*** Opening RECORDED DATA ***

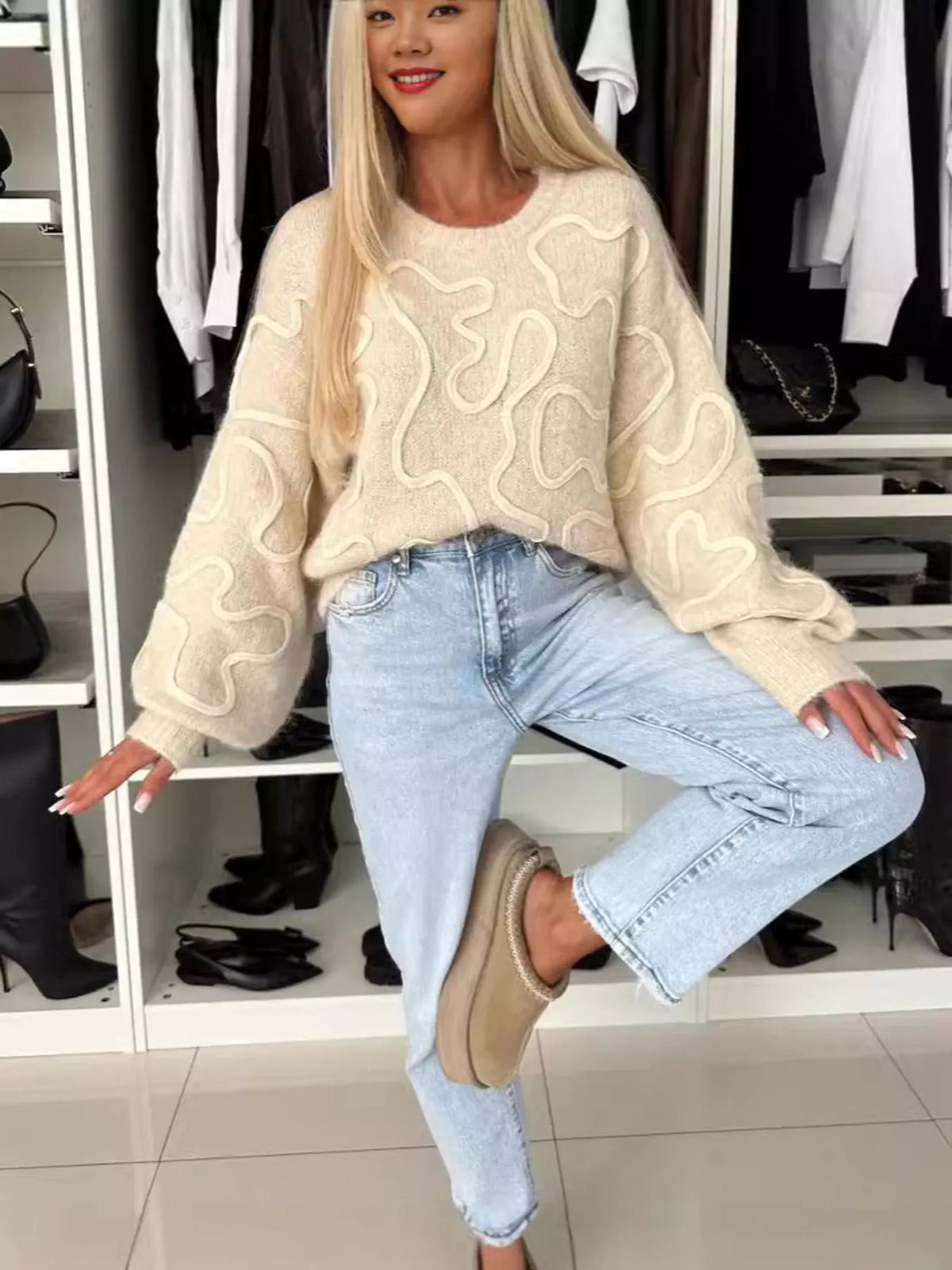 Abstract Pattern Oversized Round Neck Sweater, view 5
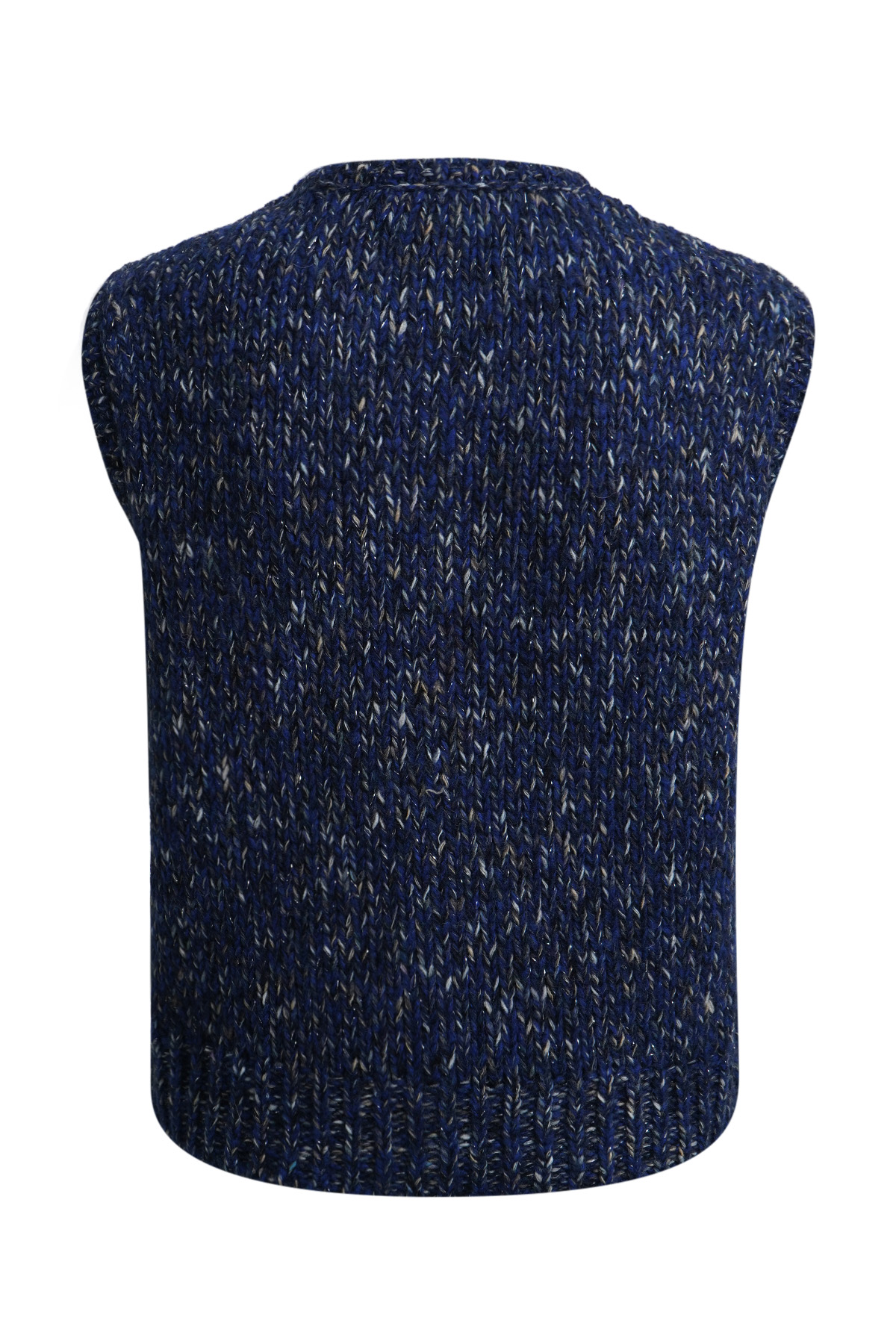 Milano Italy Strickweste – Blau meliert, Knopfleiste XL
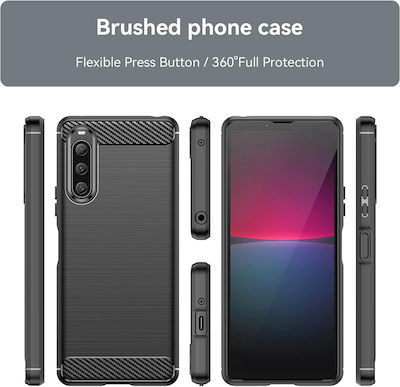 Techsuit Carbon Umschlag Rückseite Silikon Schwarz (Xperia 10 V) KF2315553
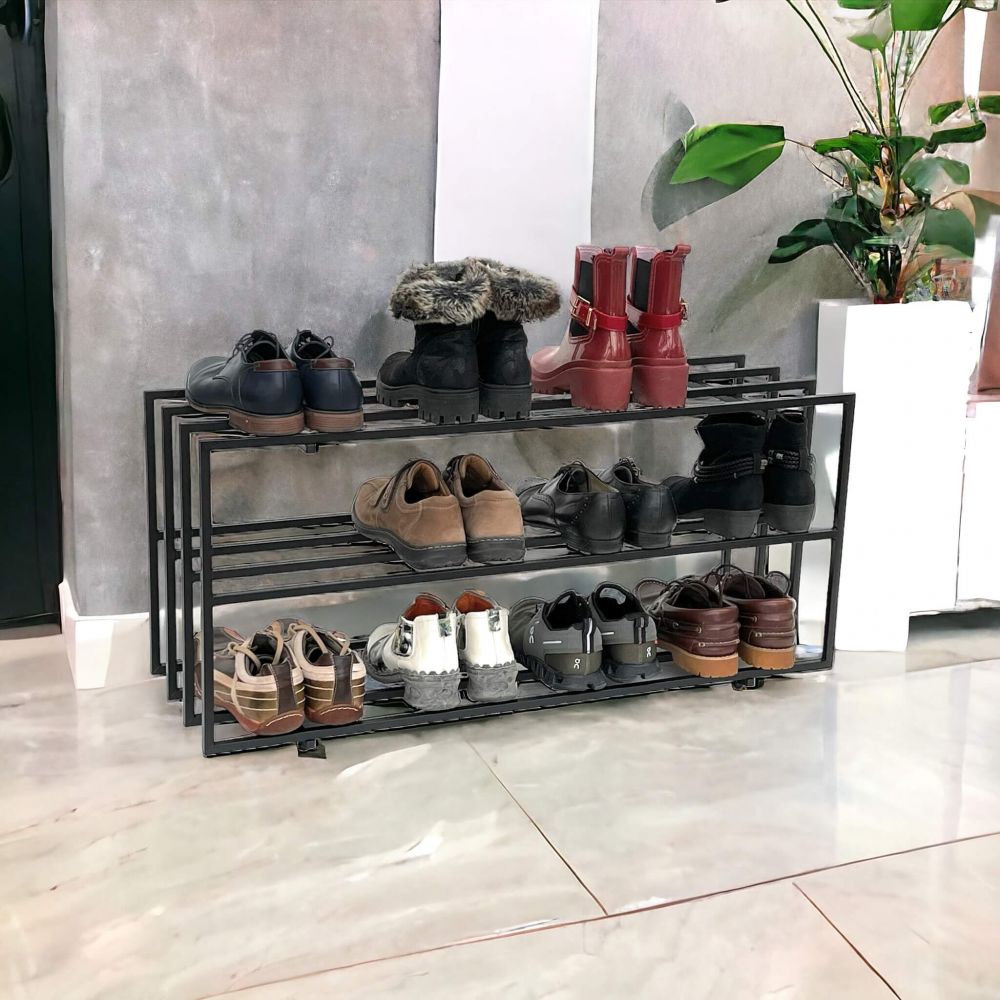 DanDiBo Schuhregal Metall Schwarz 3 Ebenen 96552 Schuhablage Schuhständer Modern Stabil Massiv Schuhschrank Ablage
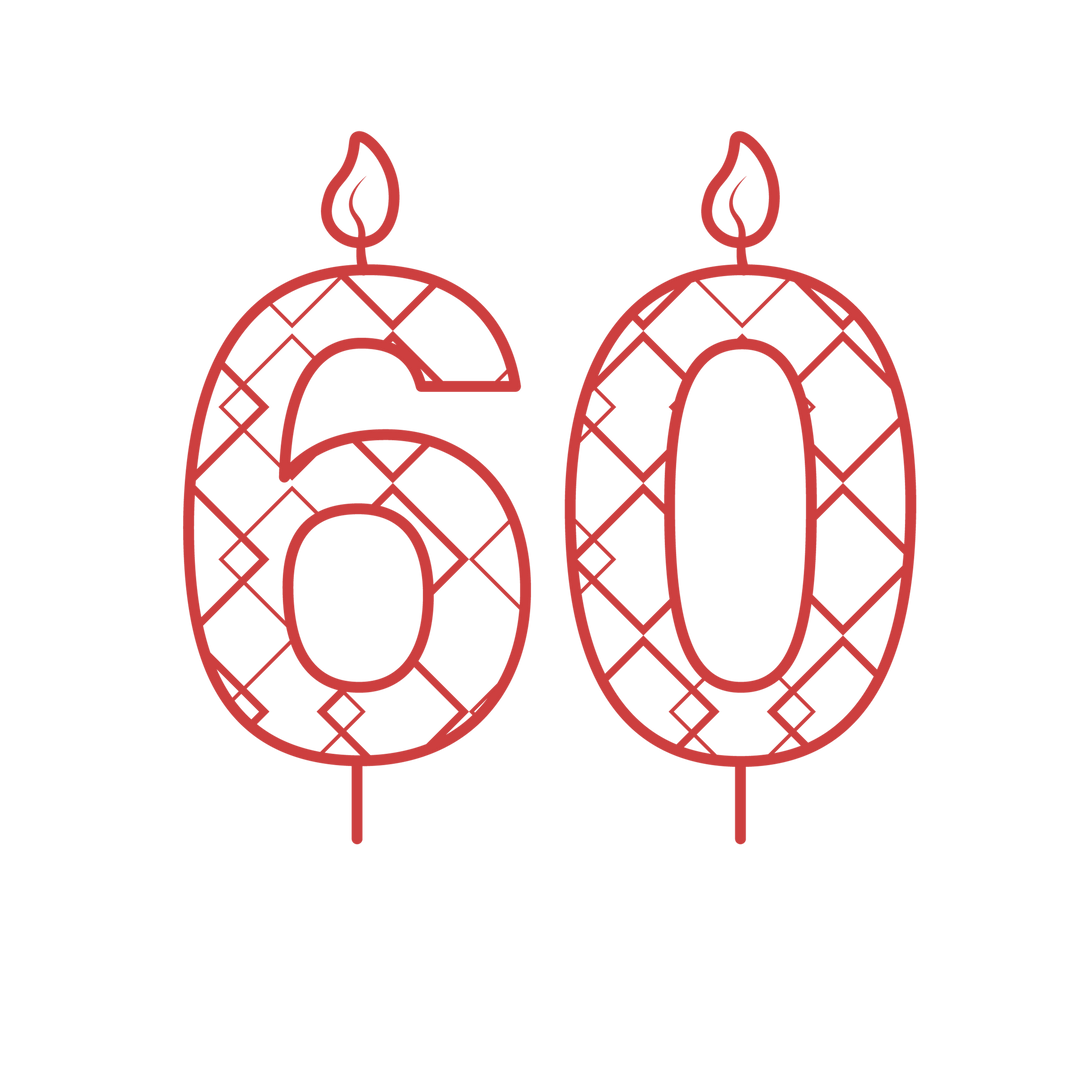 Red Stenciled Number 60 Birthday Candle on Transparent Background - Download Free Stock Images Pikwizard.com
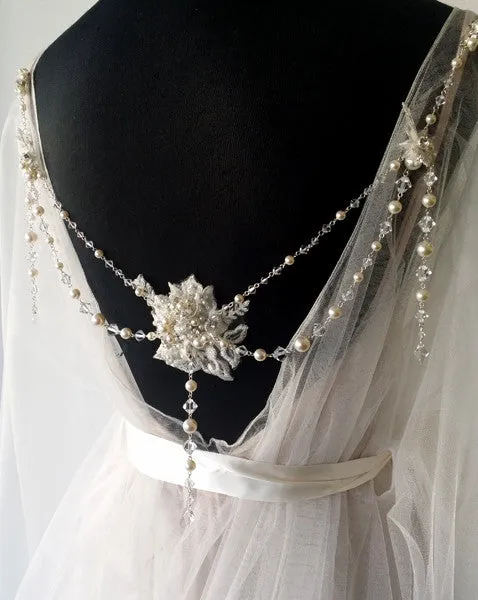 Wedding back jewellery - vintage style with pearl and crystal drape - Gracie by Kezani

*** Closing RECORDED DATA ***

EXERCISE AIM
Reproduce the full listing above verbatim, with no pictures included.

EXERCISE RESULT
 Abstract Pattern Oversized Round Neck Sweater, view 5
 Milano Italy Strickweste – Blau meliert, Knopfleiste XL
 Techsuit Carbon Umschlag Rückseite Silikon Schwarz (Xperia 10 V) KF2315553
 DanDiBo Schuhregal Metall Schwarz 3 Ebenen 96552 Schuhablage Schuhständer Modern Stabil Massiv Schuhschrank Ablage
 Red Stenciled Number 60 Birthday Candle on Transparent Background - Download Free Stock Images Pikwizard.com
 Wedding back jewellery - vintage style with pearl and crystal drape - Gracie by Kezani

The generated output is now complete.